Do we actually listen to what people are saying, or do we mostly just hear background sounds, some of it absorbed subliminally?
Think about being in a crowded train station, or airport.

We HEAR announcements being made all the time. But, how many do we ACTUALLY listen to?
Have you ever ended up on the wrong train, because you didn’t fully listen?

Normally, when we are listening to somebody speak, we rely on facial gestures and or body language to interpret meaning.

But what if, you are unable to see these expressions and gestures? What if, all you have is a disembodied voice giving you information, like in a listening assessment in a Higher Modern Language?

Let’s take a look… or rather listen.

This is Thinkfour.

Your listening comprehension is arguably the most challenging skill to be assessed. There are no visual cues, there is just a recorded voice.

When listening to someone talk in your own language, it is super easy to “zone in and out” without losing the thread of what is being said.

The challenge comes when you have to listen to someone speaking in a foreign language. There is no room to “zone in and out” because you do not understand everything which is being said. You MUST stay focu sed the whole time.

Let’s try this little experiment.

Close your eyes...

By shutting off your sense of sight you can focus on what you can actually hear around you.

Automatically, you are forced to listen to me, rather than being distracted by what you can see around you.

My guess is, you will hear a whole lot more than you did with your eyes open? Am I right?

Your listening assessment requires you to multitask. I sometimes think that the hardest thing about this is having to listen, read and write simultaneously.

The way to master these skills is actually quite simple.

Use the time you are given before the recording is played, to READ the questions for item 1 carefully, several times.

Use the questions as a means of anticipating the sort of information you will need to extract from the recording.

Be guided by the number of points awarded for each question and of course the wording of the question.

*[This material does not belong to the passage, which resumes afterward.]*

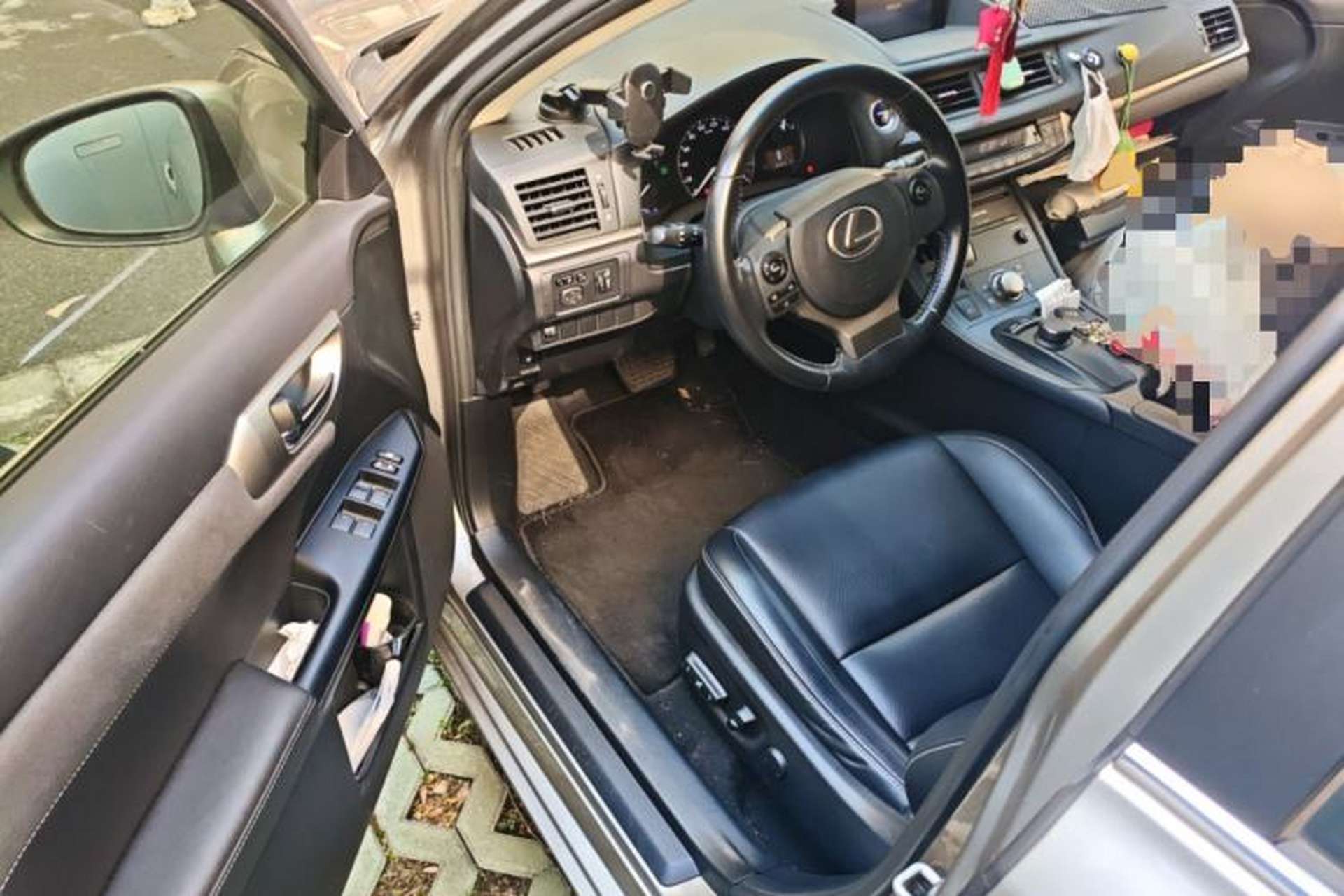 Used Lexus CT 2017 CT200h Comfort Edition Monochrome China VI Driver Seat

Use the same approach before item 2 is played.
When the recording starts, remember how you felt when you closed your eyes. Allow yourself to only focus on what you HEAR and avoid looking at the distractions around you.

Remember, this is a LISTENING exercise, so make notes phonetically in the foreign language which you can come back to later to translate to English.This is particularly helpful for numbers and dates.

Make good use of the gap between the recordings to check which specific details you still need for your answers and to allow you to try and remember the meanings of the words you have noted in the foreign language. This allows you to remain focused on what you have heard.

You can never give too much detail in your answer. Don’t miss out on a mark by not giving the detail of an adjective or an adverb.

Just like at the railway station or at the airport, hearing the announcement is very different to LISTENING to the announcement.

You can choose to do either, but your choice will really matter in a listening assessment.

So close your eyes, open your ears and make sure your journey gets to the correct destination!

This was Thinkfour; thanks for watching.